Poipet is adjacent to the town of Aranyaprathet on the Thai side of the border. The town came into existence only quite recently for the express purpose of border trade; Sisophon had always been the primary urban center in what had been an agricultural area. Poipet's population has increased from 43,366 in the 1998 census to 89,549 in the 2008 census, making it the fourth most populous settlement in Cambodia just ahead of Sihanoukville and larger than its provincial capital Sisophon.

Transport
The Poipet border is a terminus of the Cambodia railway system, though in 2006 restoring of a link from Poipet to the present Cambodian Railways railhead at Sisophon was proposed. In the fall of 2008, an agreement was prepared to have an Australian company carry out this work.

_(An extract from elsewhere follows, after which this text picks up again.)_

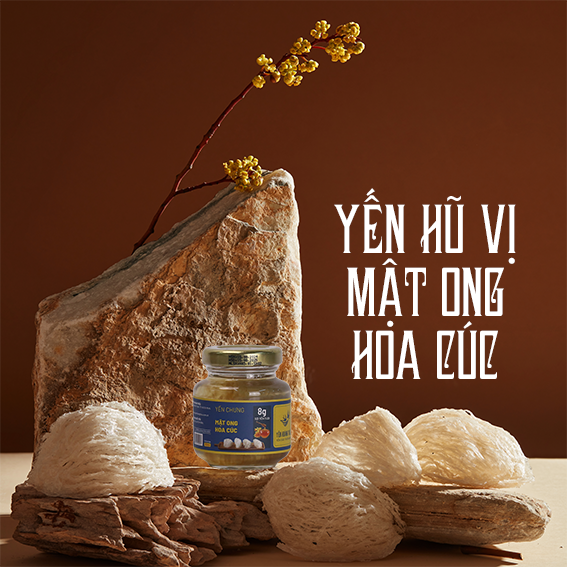 Yến Hũ Chưng Vị Mật Ong Hoa Cúc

In 2009, Thailand passed legislation to extend the railway from Aranyaprathet to Poipet, and in 2018 the railway line has been reactivated.

On 22 December 2022, Prime Minister Hun Sen said that the government has been conducting studies on high-speed railways connecting domestically and to neighbouring countries. “We are conducting studies on high-speed railways connecting Phnom Penh to Preah Sihanouk province and to the border with Thailand.”

Casinos in the city
There is a strip of casinos and hotels between the Cambodian and Thai passport control counters, enabling Thais and other foreigners to gamble in Cambodia without needing to go through Cambodian immigration. In Cambodia, gambling is illegal for Cambodian citizens but not for holders of foreign passports. There is another border on the Cambodian side of this strip area that one needs to pass before being free to travel within the rest of the country.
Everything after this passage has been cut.